» Data block:
# # # # #

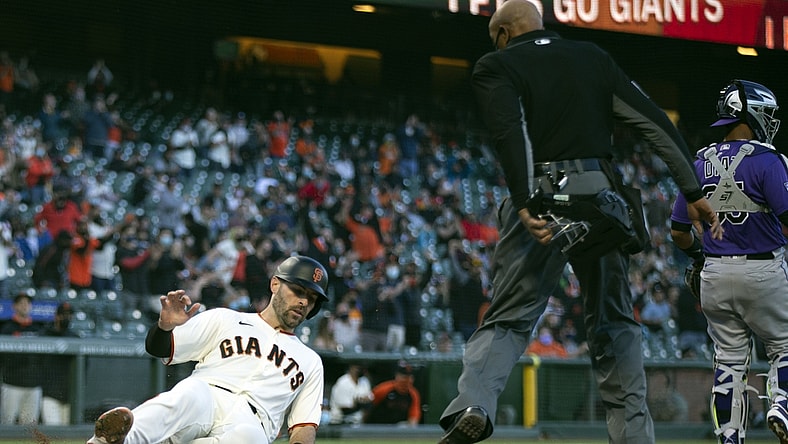 Apr 28, 2021; San Francisco, California, USA; San Francisco Giants catcher Curt Casali (left) slides safely home as he scores on a two-run RBI single hit by first baseman Brandon Belt (9) against the Colorado Rockies during the second inning as home plate umpire CB Bucknor watches at Oracle Park. Mandatory Credit: D. Ross Cameron-USA TODAY Sports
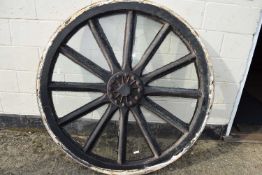 Large 12-spoke iron mounted cartwheel, the divisions between each spoke with later inset glazing,
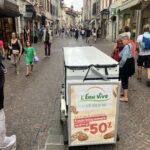Vélo publicitaire arrêtant les passants dans la rue.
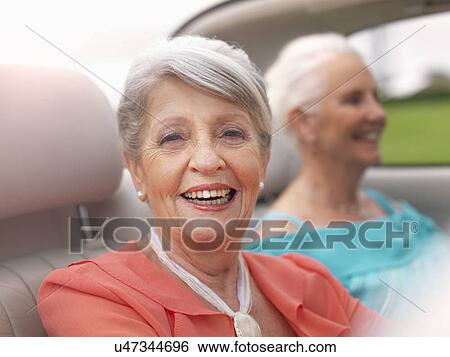 Two senior women driving in convertible View Large Photo Image Stock Photograph - Two senior women driving in convertible. Fotosearch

# # # # #

» Assignment:
The answer should contain every line of the material exactly as written and no pictures.

» Answer to this problem:
 Apr 28, 2021; San Francisco, California, USA; San Francisco Giants catcher Curt Casali (left) slides safely home as he scores on a two-run RBI single hit by first baseman Brandon Belt (9) against the Colorado Rockies during the second inning as home plate umpire CB Bucknor watches at Oracle Park. Mandatory Credit: D. Ross Cameron-USA TODAY Sports
 Large 12-spoke iron mounted cartwheel, the divisions between each spoke with later inset glazing,
Vélo publicitaire arrêtant les passants dans la rue.
 Two senior women driving in convertible View Large Photo Image Stock Photograph - Two senior women driving in convertible. Fotosearch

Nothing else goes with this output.